A ce propos, tu as été l’un des deux médecins volontaires à bord de l’Exodus, l’autre étant décédé…, et tu ne vas jamais te décider à raconter cette histoire ?

Déjà, en parler c’est dire mon âge… Les survivants sont rares ! J’ai tout de même accepté de figurer dans un documentaire qui en témoigne, avec une dizaine d’autres personnes qui avaient vécu l’Exodus…, voilà ! Le seul autre survivant Français, je crois, est celui qui organisait les transports vers Israël… Mais non, pour répondre à ta question : jamais ! Je n’ai pas envie d’écrire ma propre vie… mais plutôt de rester dans l’imaginaire. Même si la fiction se nourrit toujours de la réalité, je prends davantage d’intérêt à inventer, à prendre par exemple plusieurs personnes pour n’en faire qu’un seul personnage, etc.

Fort de tout ce que tu as vécu, tu dirais que tu es d’abord un artiste ?

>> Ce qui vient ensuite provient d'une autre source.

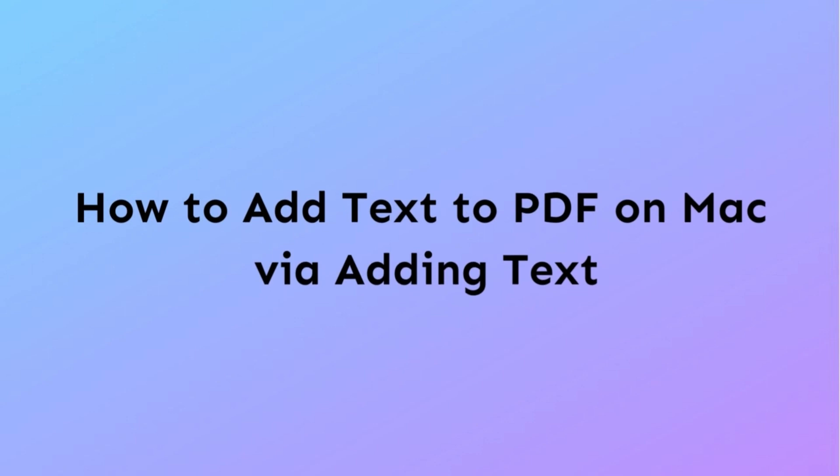How to add text to a PDF on Mac becomes very easy with UPDF since there are multiple ways. The first one we will discuss here is the add text feature.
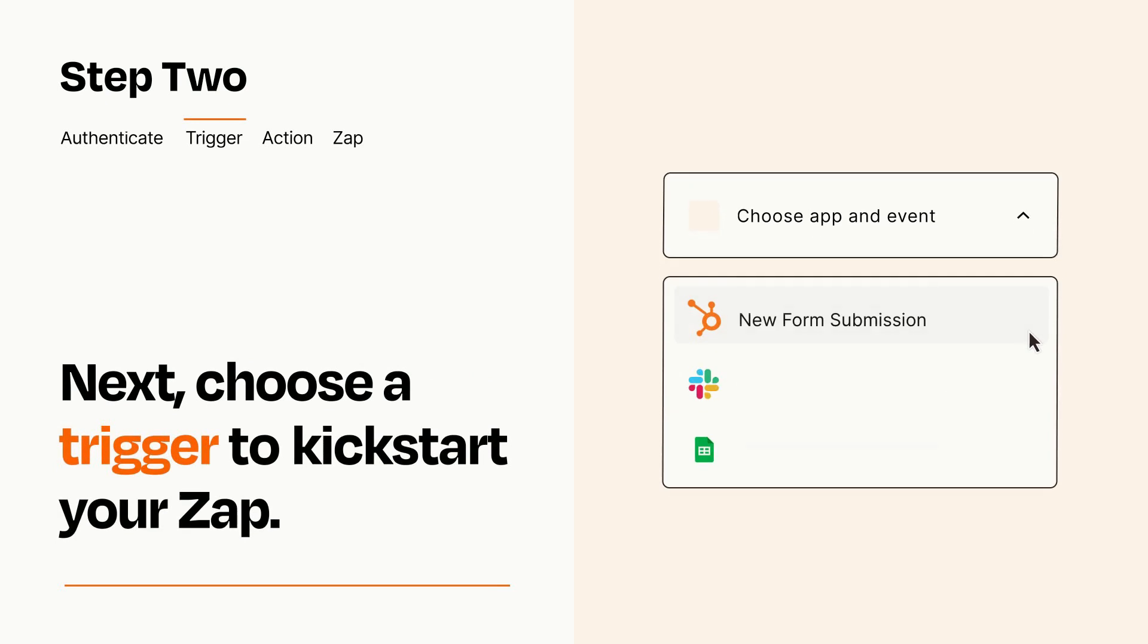Now let's set up your trigger, which is the event that starts your Zap. Pick the trigger event that you want from the list.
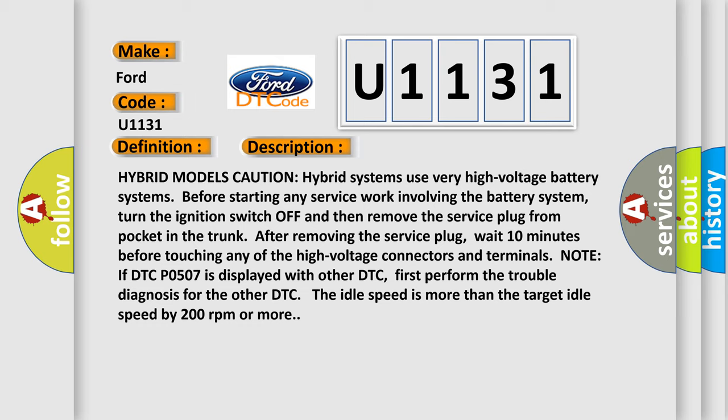Note: if DTC P0507 is displayed with other DTC, first perform the trouble diagnosis for the other DTC. The idle speed is more than the target idle speed by 200 revolutions per minute or more.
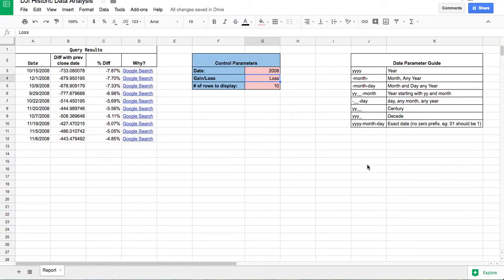Hey guys, welcome back. Today I wanted to share a new tool that I created to analyze the stock market. This is a crude but very useful tool that I created with Google Sheets' query function. I will first demonstrate what the tool looks like and then get into details about how you can create your own tool.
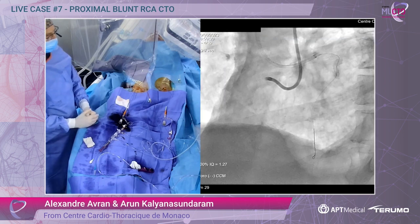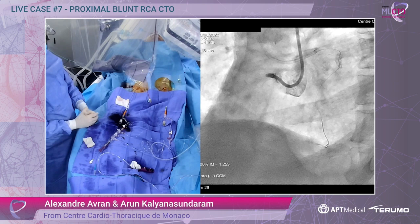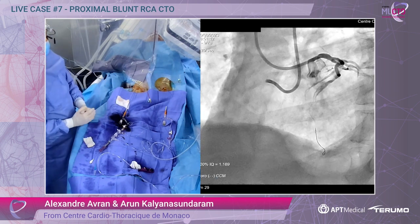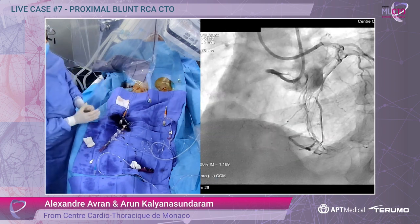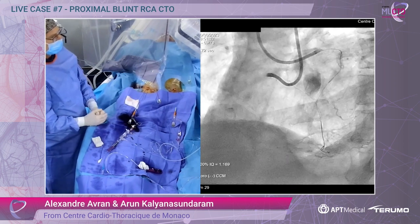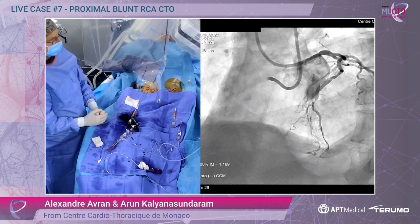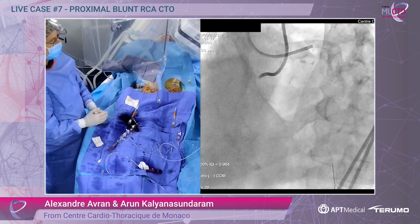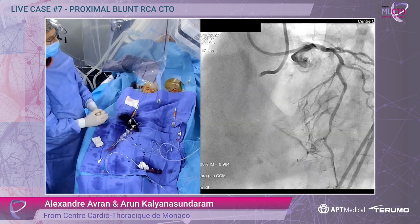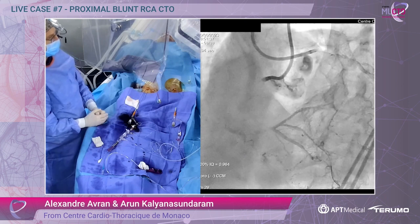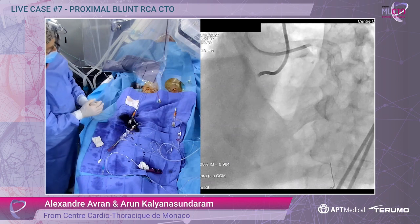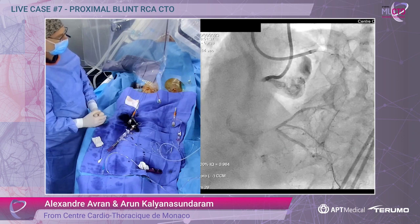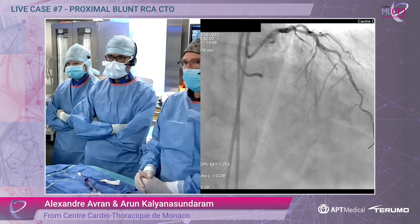It was not so easy to intubate the right, but this is the right injection. You can see and appreciate the stump — it's in between blunt and tapered. We can see some shadow after the stump. This is the bilateral view. And this is now the Haleo cranial projection. It's a long CTO, I think around 30–35 mm, with some calcification on the right and disease on the distal landing zone.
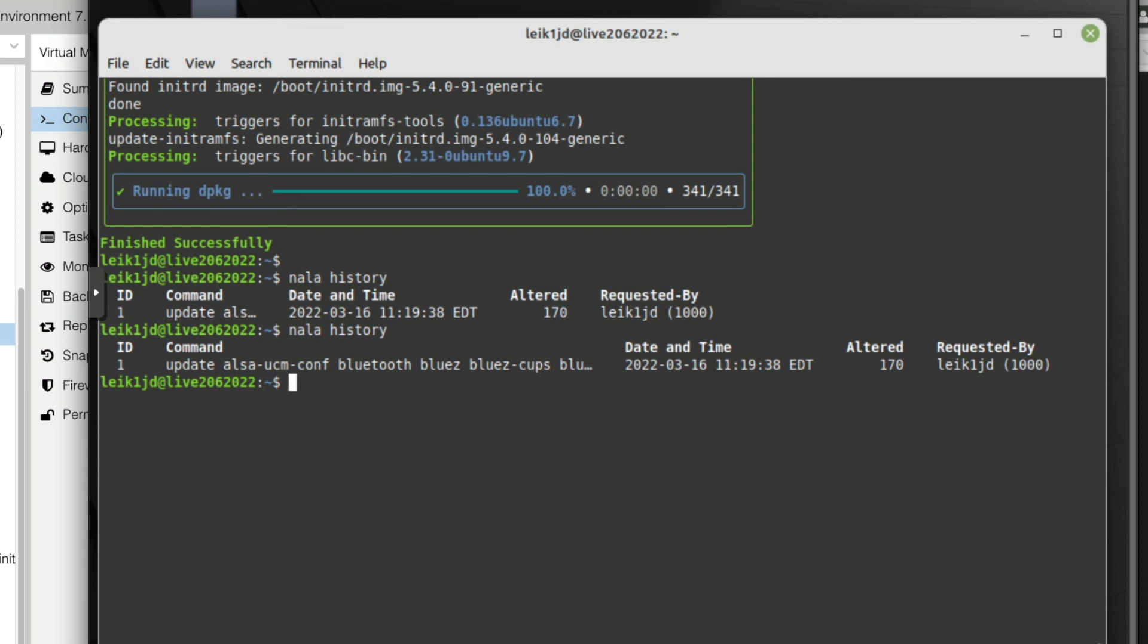And that my friends will bring us to the end of another video. Again, please head down to the comments and let me know what you think about this particular overlay of the apt command and let me know how you are using it or how you might use it or where you might use it. I think this would be kind of an interesting experiment.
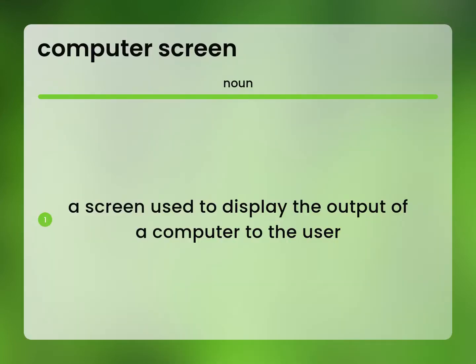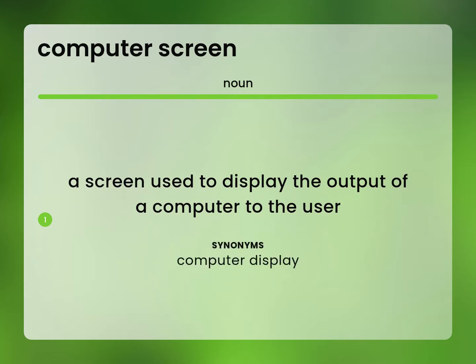A screen used to display the output of a computer to the user. Computer display.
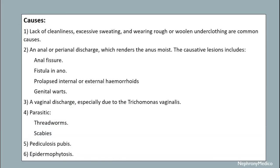Causes include lack of cleanliness, excessive sweating, and wearing rough wool underclothing. Anal or perianal discharge, which renders the anus moist, may be due to congenital lesions such as anal fissure, fistula-in-ano, prolapse, internal and external hemorrhoids.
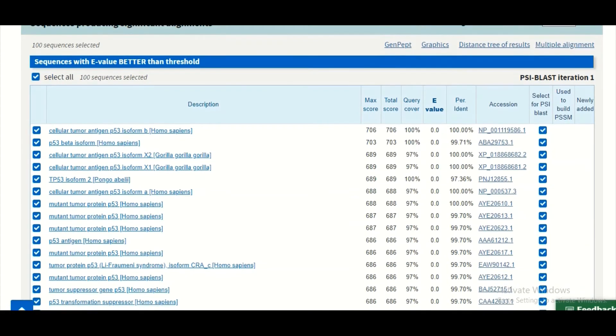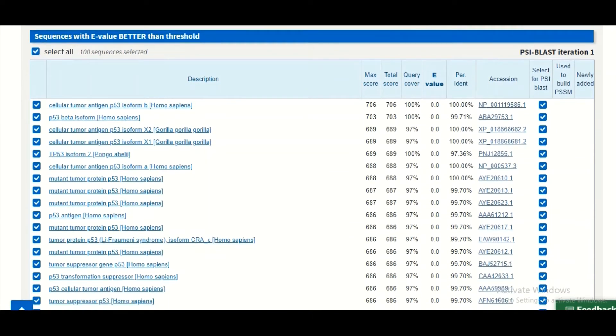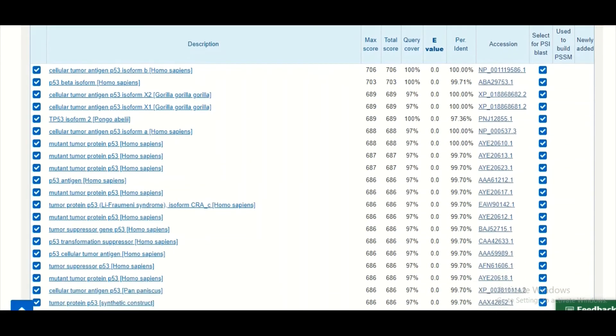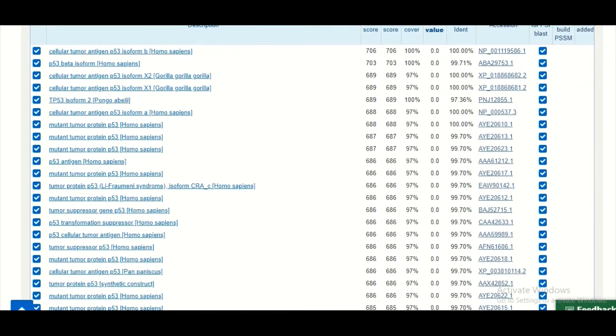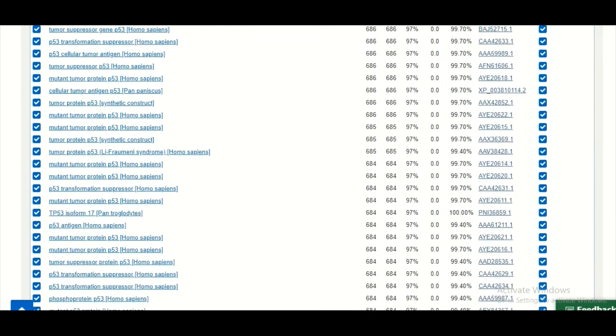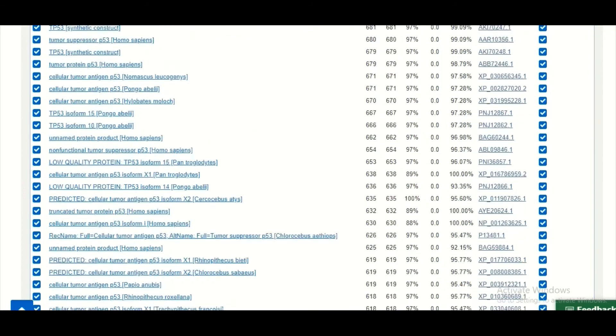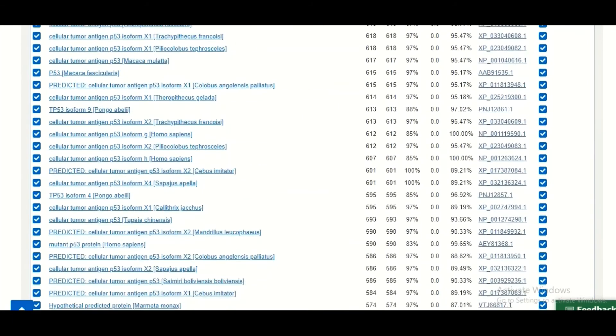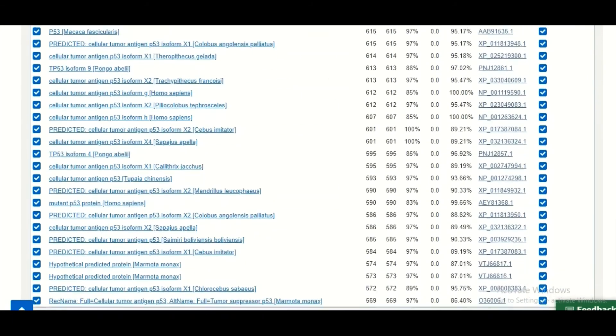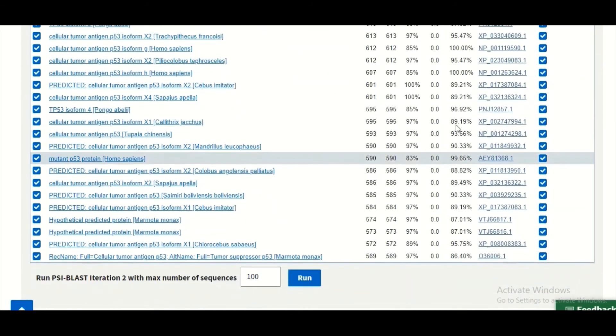Now let us assume for a moment that there are some sequences which are true positives, which are the true homologs, that are still missing in the first round. So what we will do is we will select all of them as you can see here, and at the bottom we will click on this run button.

Quand j’étais à la mairie, j’ai toujours essayé de privilégier la culture. Dans la vision que j’en avais, j’ai donné une grande importance aux sciences, j’en ai diversifié les branches et j’ai projeté le plus possible la culture vers les quartiers ! Comme par exemple avec le conservatoire éclaté, qui depuis sa Place Carli se déplaçait dans des salles de différents quartiers de Marseille pour faire travailler d’autres gens, leur donner le gout de la musique, etc. J’ai quelques regrets, comme le fait que mon successeur ait abandonné le projet de musée César, qui avait fait une généreuse donation à la ville… Bon, c’est de l’histoire ancienne. Quant à moi, dès la fin de mon mandat de maire, j’ai enfin écrit des romans sous mon nom (La vie en morceaux, Le docteur et ses jumeaux, Les missionnés NDLR) !

T’es aussi peintre et poète ?

J’ai été un jeune poète, c’étaient des heures qui n’appartenaient qu’à moi…, et j’ai peint de 46 à 86, date fatidique de mon entrée à la mairie. A propos, je vous conseille de lire la poésie d’Izzo, que l’on connaît moins que sa prose et qui est pourtant remarquable.

Pour finir dans la bonne humeur, que t’inspire le résultat des dernières élections municipales ?

Je suis 100% démocrate, je ne critique donc pas le choix des électeurs, même si tout n’a pas été fait de façon démocratique durant ces dernières élections… Mon message est de ne jamais désespérer.